== What you will do ==
Your output should be the lines from the one containing "this 850×567 image." through the last line below, both ends included, exactly as written and free of pictures.
========================================================================
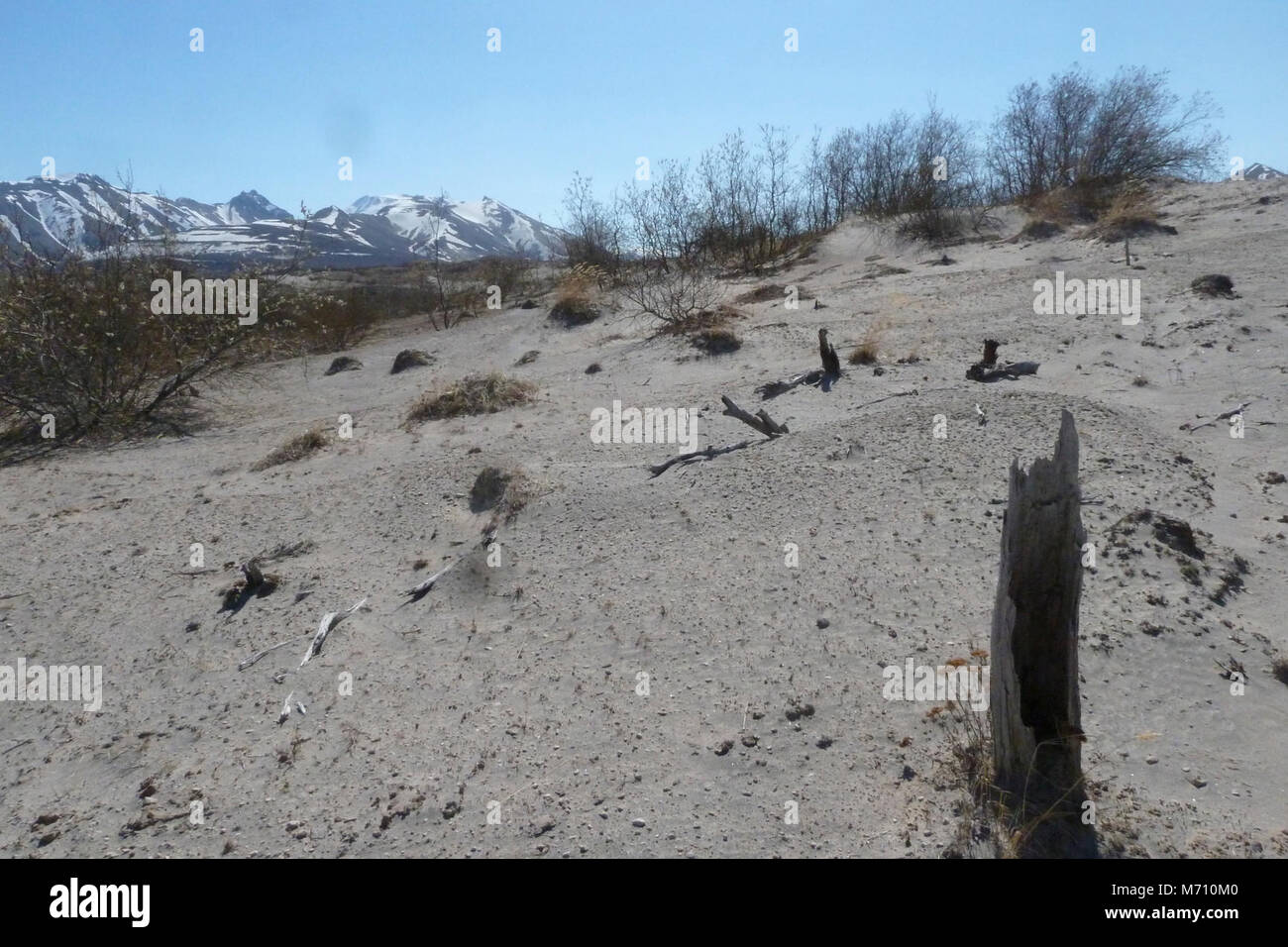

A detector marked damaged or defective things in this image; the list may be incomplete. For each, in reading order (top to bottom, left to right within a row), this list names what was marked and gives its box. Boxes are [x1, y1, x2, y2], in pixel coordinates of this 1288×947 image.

broken wooden stake [989, 407, 1092, 860]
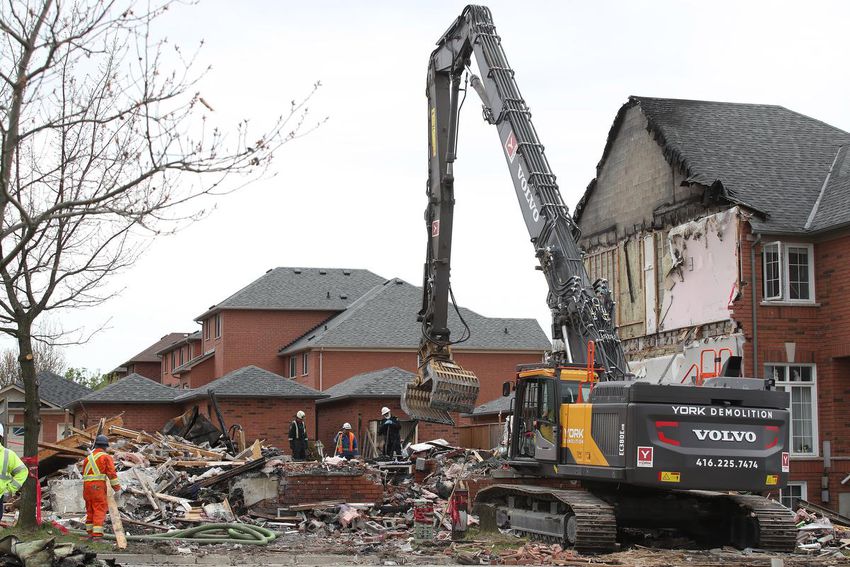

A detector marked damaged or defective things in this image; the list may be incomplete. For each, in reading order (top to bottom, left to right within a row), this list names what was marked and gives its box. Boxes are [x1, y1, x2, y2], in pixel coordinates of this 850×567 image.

damaged brick house [102, 268, 548, 450]
damaged brick house [576, 96, 848, 516]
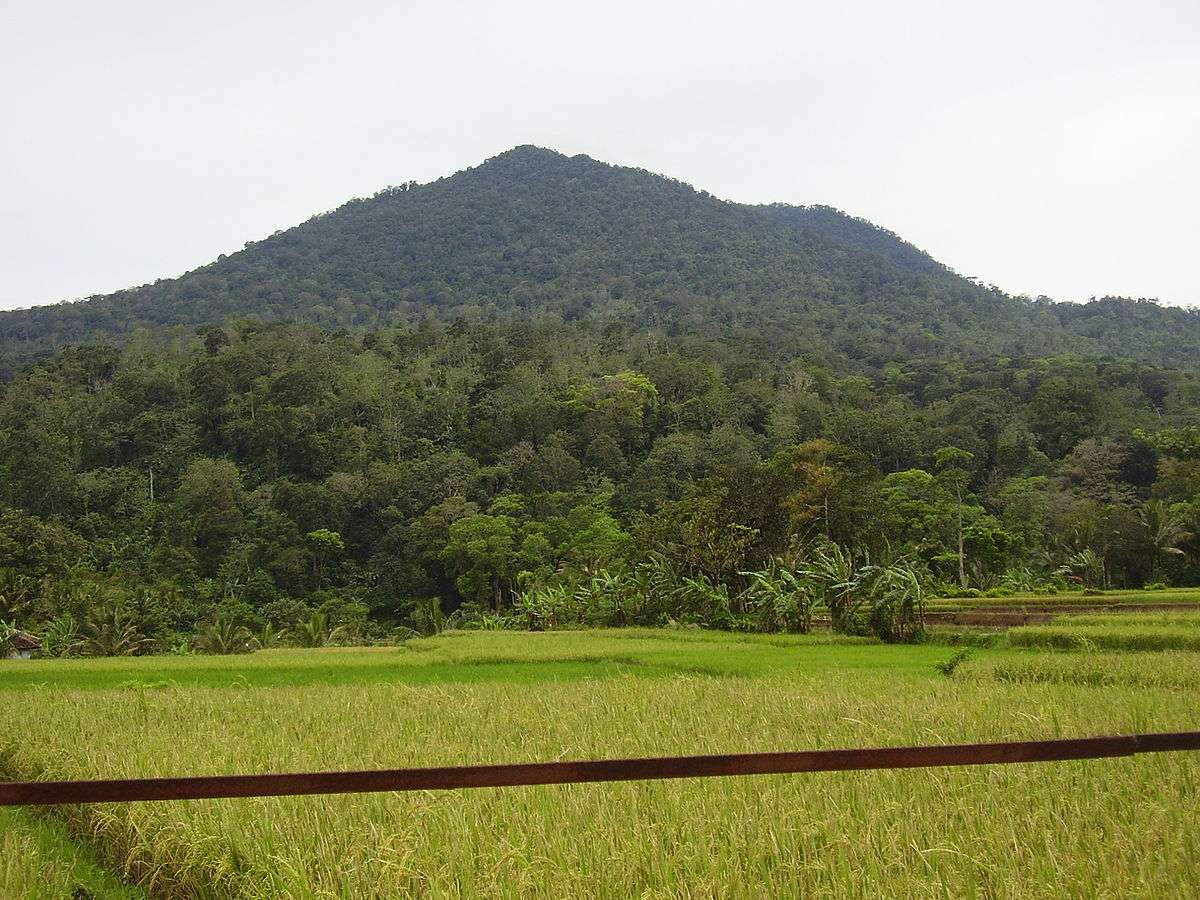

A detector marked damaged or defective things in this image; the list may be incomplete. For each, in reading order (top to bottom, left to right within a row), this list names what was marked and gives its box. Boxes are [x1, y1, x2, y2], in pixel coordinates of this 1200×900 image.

rusty metal railing [2, 732, 1200, 808]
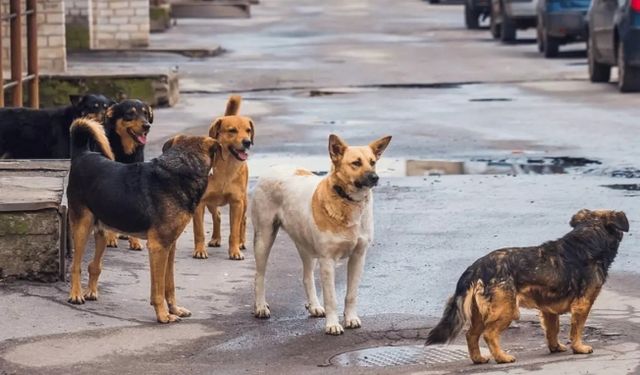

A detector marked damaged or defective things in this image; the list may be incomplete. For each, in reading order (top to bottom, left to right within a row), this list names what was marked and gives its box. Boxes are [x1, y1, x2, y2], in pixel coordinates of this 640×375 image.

pothole [330, 346, 480, 368]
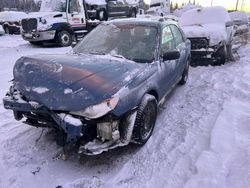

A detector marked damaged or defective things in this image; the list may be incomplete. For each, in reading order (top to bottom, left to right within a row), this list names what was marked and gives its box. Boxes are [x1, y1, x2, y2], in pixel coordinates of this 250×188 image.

crashed vehicle [86, 0, 139, 20]
bent hood [181, 23, 228, 46]
crashed vehicle [180, 6, 234, 66]
bent hood [13, 53, 143, 111]
broken headlight [70, 97, 119, 119]
crashed vehicle [2, 18, 190, 155]
damaged blue sedan [2, 18, 190, 155]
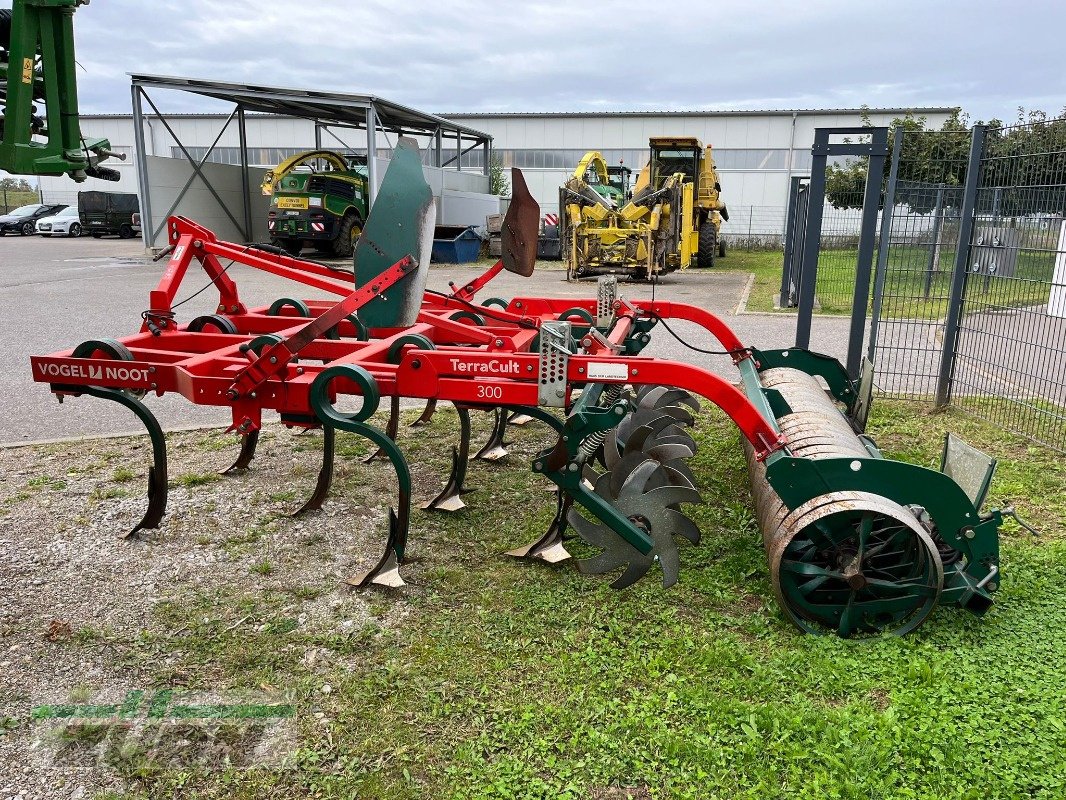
========================================================================
== Result for this task ==
A detector marked damaged or defective things in this image; the list may be incomplete. For each, in reading order (top to bottom, left to right within a row), this list names what was marked and gives its box. Boxes are [x1, y1, x2, y2], in pixel coordinates of this 850×567 image.

damaged brick house [102, 268, 548, 450]
damaged brick house [576, 96, 848, 516]

A detector marked damaged or defective things in this image; the list may be incomplete. For each, in reading order (top to bottom, left to right within a row), this list names what was marked and gives its box. Boxes are [x1, y1, x2, y2], in pixel coordinates of this 1200×900 image.

rusty metal railing [2, 732, 1200, 808]

A detector marked damaged or defective things in this image; the list may be incomplete. For each, in reading order (top to bottom, left to right within a row), this list names what was marked and gives its box. Boxes are [x1, y1, x2, y2], in pixel coordinates of this 640×375 image.

pothole [330, 346, 480, 368]

A detector marked damaged or defective things in this image; the list may be incomplete. For each, in reading order (top to bottom, left to right within a row), this list names what was marked and gives its box. Boxes are [x1, y1, x2, y2], in pixel coordinates of this 250×188 image.

crashed vehicle [86, 0, 139, 20]
bent hood [181, 23, 228, 46]
crashed vehicle [180, 6, 234, 66]
bent hood [13, 53, 143, 111]
broken headlight [70, 97, 119, 119]
crashed vehicle [2, 18, 190, 155]
damaged blue sedan [2, 18, 190, 155]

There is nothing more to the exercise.